SQLite#

SQLite is a fast and lightweight SQL database engine that stores data either in memory or in a single file on disk.
Use Cases#
Despite its simplicity, SQLite is a powerful tool. For example, it’s the primary storage system for a number of common applications including Firefox, Chrome, and many components of both Android and iOS. It’s well suited for caching, and requires no extra configuration or dependencies, which is why it’s ‘used as the default backend for requests-cache.
Usage Example#
SQLite is the default backend, but if you want to pass extra connection options or just want to be
explicit, initialize your session with a SQLiteCache
instance:
>>> from requests_cache import CachedSession, SQLiteCache
>>> session = CachedSession(backend=SQLiteCache())
Or by alias:
>>> session = CachedSession(backend='sqlite')
Connection Options#
This backend accepts any keyword arguments for sqlite3.connect()
:
>>> backend = SQLiteCache('http_cache', timeout=30)
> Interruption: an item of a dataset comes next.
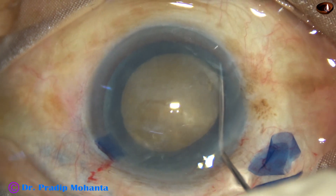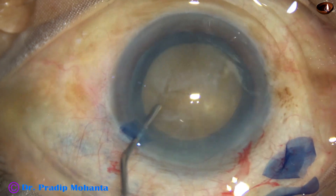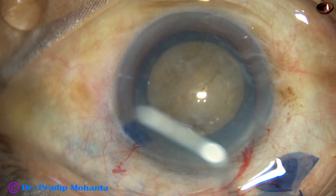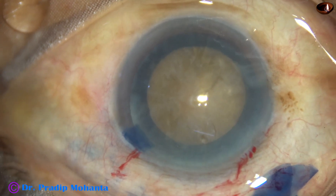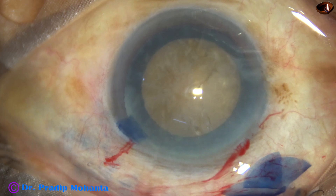In hard cataracts, if we want to avoid zonular stress and manage large hard nuclear fragments easily, we must do a large rhexis — not less than 5.5 millimeters. Hydrodissection is then performed.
>>> session = CachedSession(backend=backend)
Cache Files#
See Cache Files for general info on specifying cache paths
If you specify a name without an extension, the default extension
.sqlite
will be used
In-Memory Caching#
SQLite also supports in-memory databases.
You can enable this (in “shared” memory mode) with the use_memory
option:
>>> session = CachedSession('http_cache', use_memory=True)
Or specify a memory URI with additional options:
>>> session = CachedSession(':file:memdb1?mode=memory')
Or just :memory:
, if you are only using the cache from a single thread:
>>> session = CachedSession(':memory:')
Performance#
When working with average-sized HTTP responses (< 1MB) and using a modern SSD for file storage, you can expect speeds of around:
Write: 2-8ms
Read: 0.2-0.6ms
Of course, this will vary based on hardware specs, response size, and other factors.
Concurrency#
SQLite supports concurrent access, so it is safe to use from a multi-threaded and/or multi-process
application. It supports unlimited concurrent reads. Writes, however, are queued and run in serial,
so if you need to make large volumes of concurrent requests, you may want to consider a different
backend that’s specifically made for that kind of workload, like RedisCache
.
Hosting Services and Filesystem Compatibility#
There are some caveats to using SQLite with some hosting services, based on what kind of storage is available:
NFS:
SQLite may be used on a NFS, but is usually only safe to use from a single process at a time. See the SQLite FAQ for details.
PythonAnywhere is one example of a host that uses NFS-backed storage. Using SQLite from a multiprocess application will likely result in
sqlite3.OperationalError: database is locked
.
Ephemeral storage:
Heroku explicitly disables SQLite on its dynos.
AWS EC2, Lambda (depending on configuration), and some other AWS services use ephemeral storage that only persists for the lifetime of the instance. This is fine for short-term caching. For longer-term persistance, you can use an attached EBS volume.